##### Data in this exercise

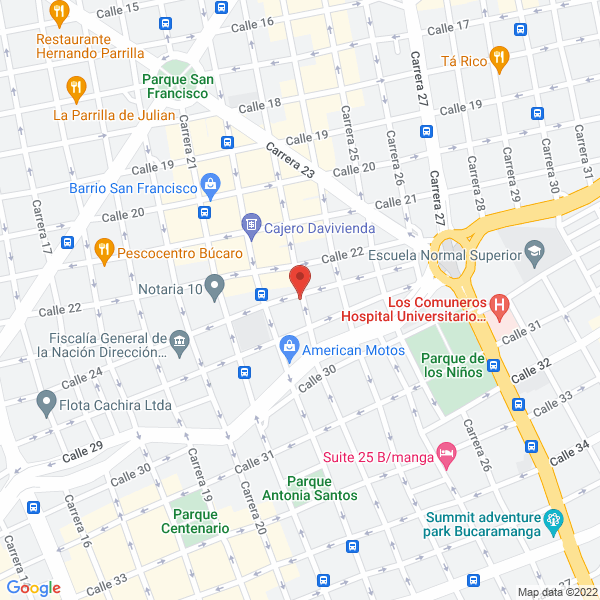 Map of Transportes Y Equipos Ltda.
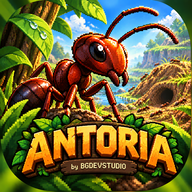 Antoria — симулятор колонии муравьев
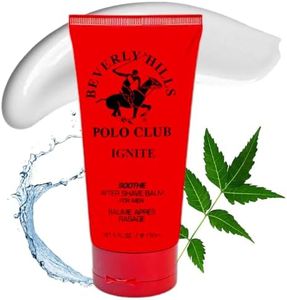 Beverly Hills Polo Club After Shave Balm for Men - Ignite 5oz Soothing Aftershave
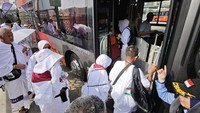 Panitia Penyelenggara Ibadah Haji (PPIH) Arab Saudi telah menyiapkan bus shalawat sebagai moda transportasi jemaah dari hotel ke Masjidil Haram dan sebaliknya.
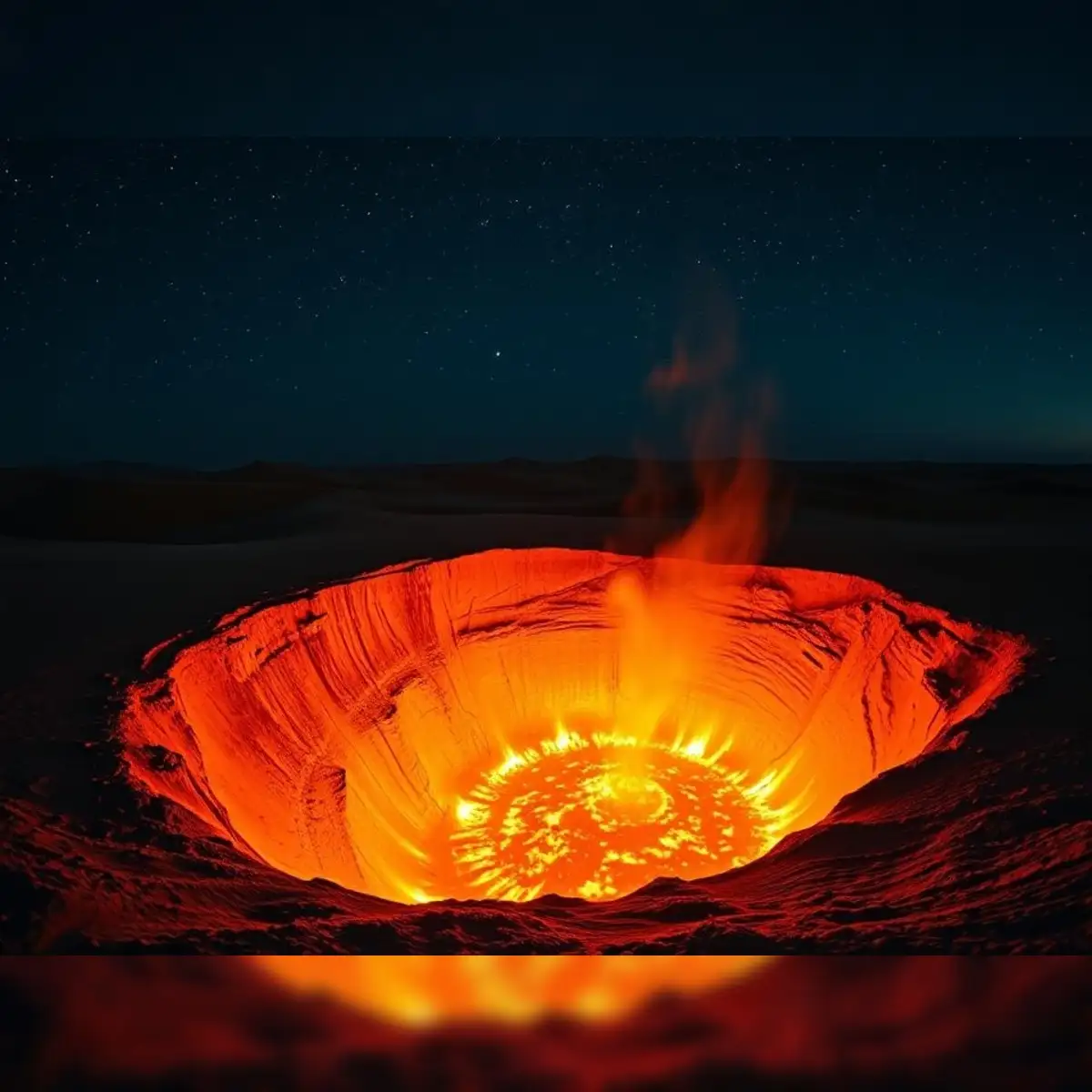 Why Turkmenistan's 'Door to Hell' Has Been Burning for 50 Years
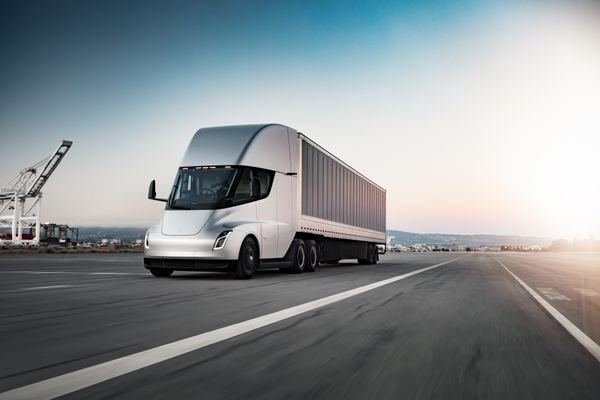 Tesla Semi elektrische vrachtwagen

##########
##### Data in this exercise

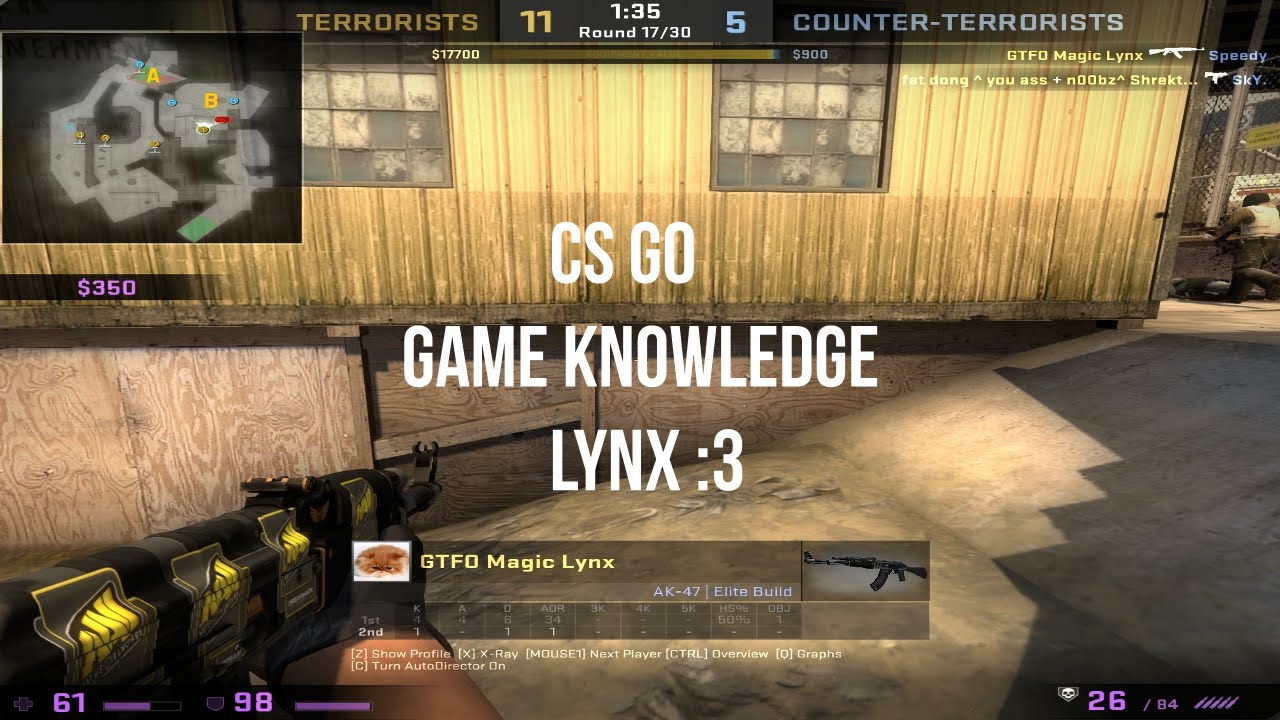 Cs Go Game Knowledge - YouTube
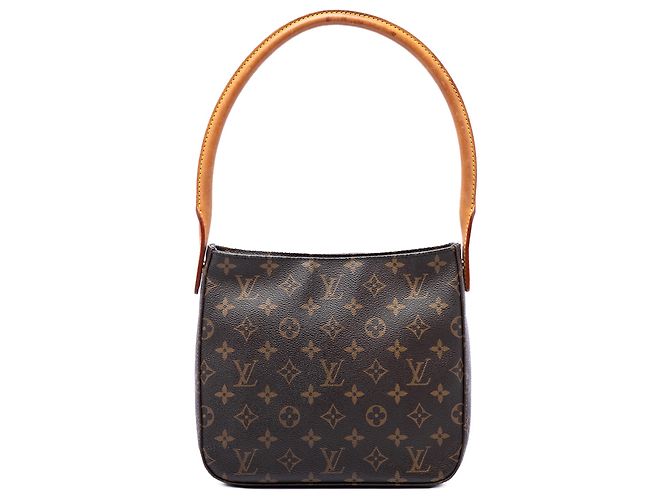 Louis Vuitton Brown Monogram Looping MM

##########
##### Data in this exercise

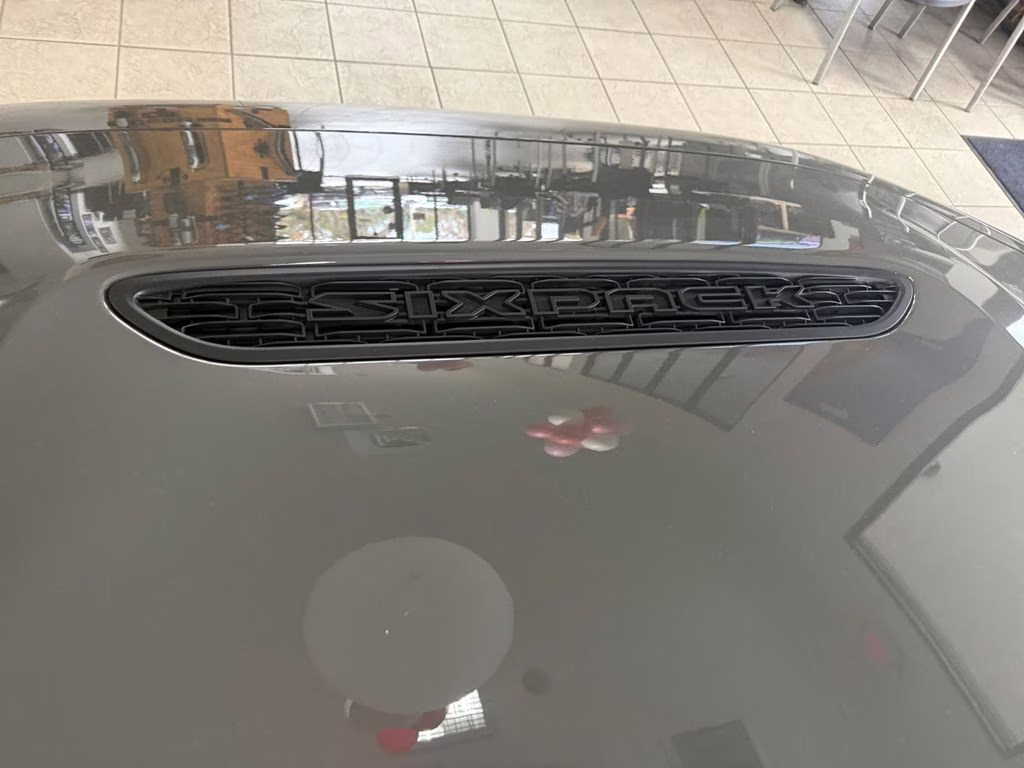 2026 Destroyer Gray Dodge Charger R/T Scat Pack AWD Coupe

##########

§ **What you need to do**: Each line from the one that contains "Beverly Hills Polo" down to the one that contains "Tesla Semi elektrische vrachtwagen" is to be returned exactly as it stands above, both ends included, with pictures removed.

§ **Task result**:
 Beverly Hills Polo Club After Shave Balm for Men - Ignite 5oz Soothing Aftershave
 Panitia Penyelenggara Ibadah Haji (PPIH) Arab Saudi telah menyiapkan bus shalawat sebagai moda transportasi jemaah dari hotel ke Masjidil Haram dan sebaliknya.
 Why Turkmenistan's 'Door to Hell' Has Been Burning for 50 Years
 Tesla Semi elektrische vrachtwagen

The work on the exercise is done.